PROBLEM DETAILS> In the entries below, which lines run from the one with "Staff work in" through the one with "Master-clasa pe origami"? Repeat exactly those, both included, and no pictures.

TASK DATA>
•••••

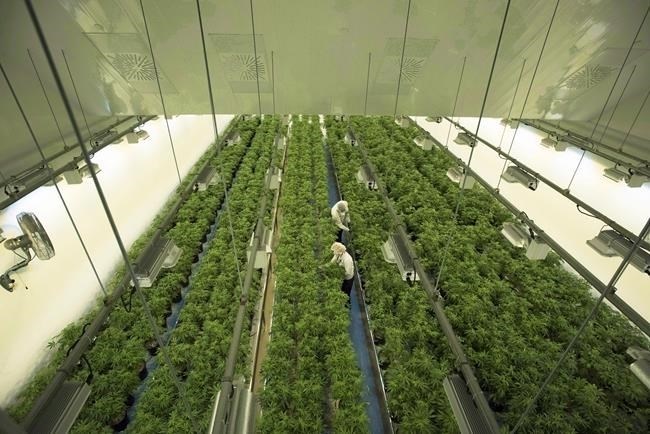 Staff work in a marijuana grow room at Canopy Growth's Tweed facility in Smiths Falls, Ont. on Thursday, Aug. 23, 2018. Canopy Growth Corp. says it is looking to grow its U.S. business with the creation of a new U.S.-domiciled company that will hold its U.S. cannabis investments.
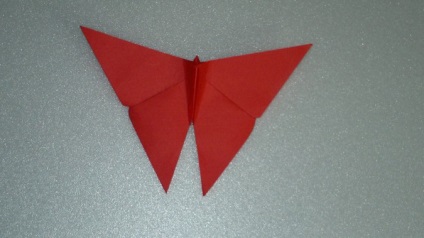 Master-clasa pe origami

•••••

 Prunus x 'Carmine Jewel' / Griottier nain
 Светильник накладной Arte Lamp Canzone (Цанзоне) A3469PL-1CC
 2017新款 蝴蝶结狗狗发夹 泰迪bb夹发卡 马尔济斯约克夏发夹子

•••••

OUTPUT FOR THIS TASK>
 Staff work in a marijuana grow room at Canopy Growth's Tweed facility in Smiths Falls, Ont. on Thursday, Aug. 23, 2018. Canopy Growth Corp. says it is looking to grow its U.S. business with the creation of a new U.S.-domiciled company that will hold its U.S. cannabis investments.
 Master-clasa pe origami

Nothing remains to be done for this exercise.